There’s been loads written on teaching abstract concepts, and it’s something educators have to do at all levels and early on. Imagine trying to explain the concept of a foul in football to a 6 year-old without understanding the idea of fairness, sportsmanship and ultimately, right and wrong. Sometimes, an abstract concept can be made clear and unambiguous by demonstration (explaining convection, or Newtonian physics). A simple experiment may suffice, as they did in my GCSE chemistry classes. Other times, if it’s an idea that is contested, subjective and ultimately, individually experienced, it can be quite hard to turn it into something tangible for a whole class. One study found emotional processing helps young children up to nine years old learn positive abstract ideas, after which linguistic processing takes over. Although I didn’t set out to explore this ideas, I now I wonder if Lego could help older students understand an abstract concept through their own emotional experiences of it.
After introducing the concepts in the traditional lecture format for 45 minutes of a two hour session, I asked the students to build their own examples of feminist geographies and excluded geographies in groups of 4 or 5. They had 35 minutes. There were no guidelines. The only rule was that they must be able to explain their design to the rest of the group for the final 40 minutes.
The third years, often drawing on their own experiences, built scenes in the real world. I worried that the frivolity of Lego might undermine the seriousness of the content I was teaching. This didn’t happen. One group of male and female students built a nightclub. The girls explained how certain parts of the nightclub were less welcoming to women. They distributed Lego characters across the club, explaining why each was in a certain place. They used coloured bricks (blue and pink) to indicate how each part of the club was gendered.
I was somewhat uncomfortable as a white, young, male academic, talking about feminist geographies. I know the ideas, but cannot speak to actual experiences of social or spatial exclusion. The concepts, however, were sometimes fleshed out in Lego by the students who had experiences of spatial and social exclusion. The lecture plan was to show how marginalisation and exclusion are spatial processes. Since building lego requires making spatial choices, this point was easily made.
The second years built more abstract scenes. Some tried to build borders, other made houses, and some built downright bizarre, wonderful contraptions. I liked the contraptions, because sometimes, it was clear students had just attached a few bricks to something because, well, that’s what Lego lets you do. However, when I asked about these when presenting, they had to come up with a justification for the strange addition. Some weren’t convincing, but somewhere. I remember one group had built an ‘ideas pump’ that connected to different structures they built.
I also liked Lego learning because it slowed the pace of the lecture.
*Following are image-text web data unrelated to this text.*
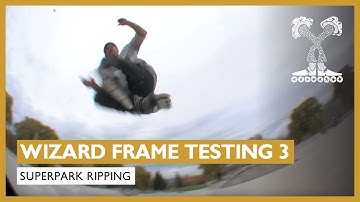 Wizard Frame Testing Part 3
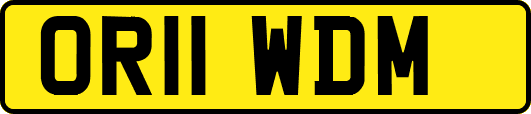 OR11WDM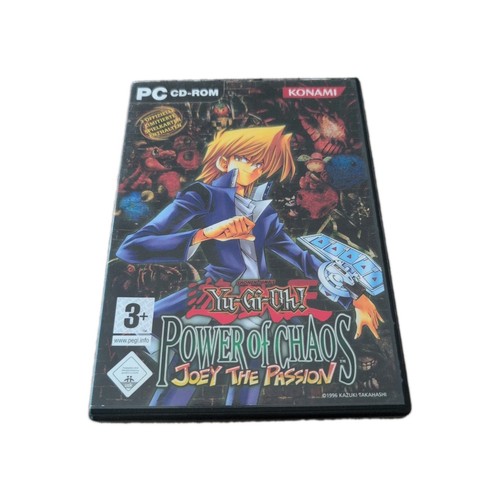 Power of chaos joey - yu-gi-oh!,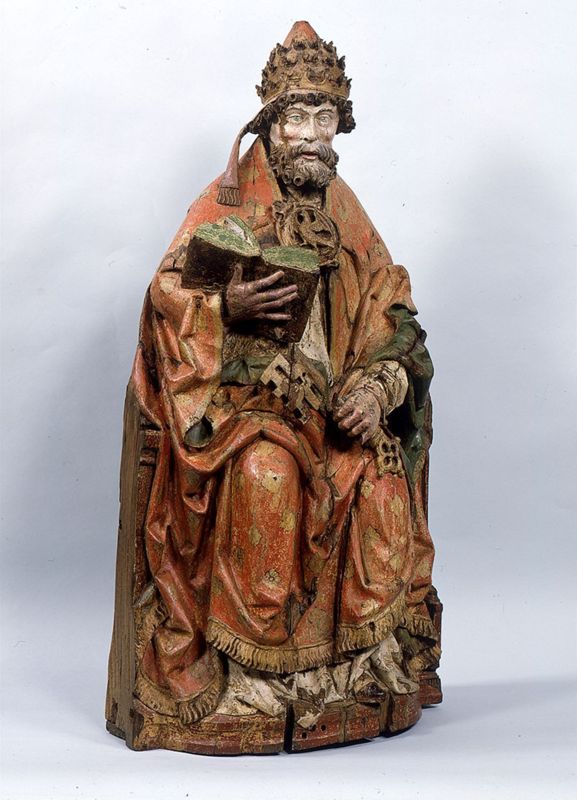 Saint Pierre, pape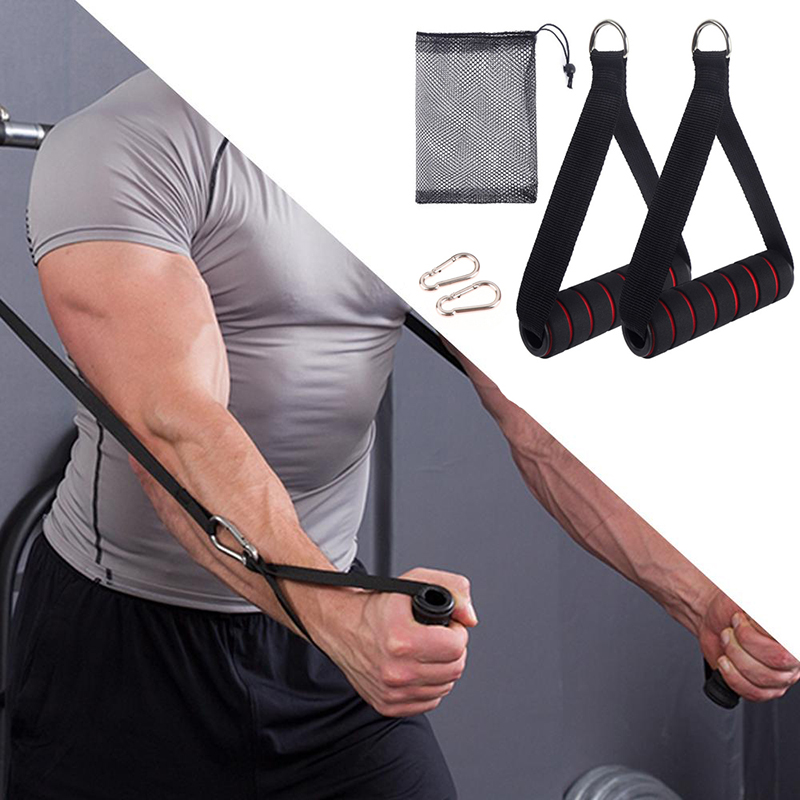 Empuñadura de alta resistencia - Gymnastic Ring reseña y precio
The questions students asked during this time were conversational and informal. We laughed as designs went wrong and delicate contraptions toppled over. Sometimes we discussed which coloured brick to use, other times we dove deep into the lecture content and it’s relevance to a design. I have written about Russian literary theorist Mikhail Bakhtin’s concept of the Body Grotesque being the meeting and inversion of the serious and frivolous as a catalyst for humour. I also wonder if play and games can be a catalyst for learning about serious topics.
Coventry University made it extremely easy for me to use Lego. The Disruptive Media Learning Lab has plenty of resources on how they could be used. My faculty has its own supply of four Lego boxes. I simply had to go and pick them up before the lecture. It’s worth checking to see if your university has already experimented with it. Since running those sessions, I’ve found interesting pedagogical takes on Lego, so there’s plenty of literature to back up a session.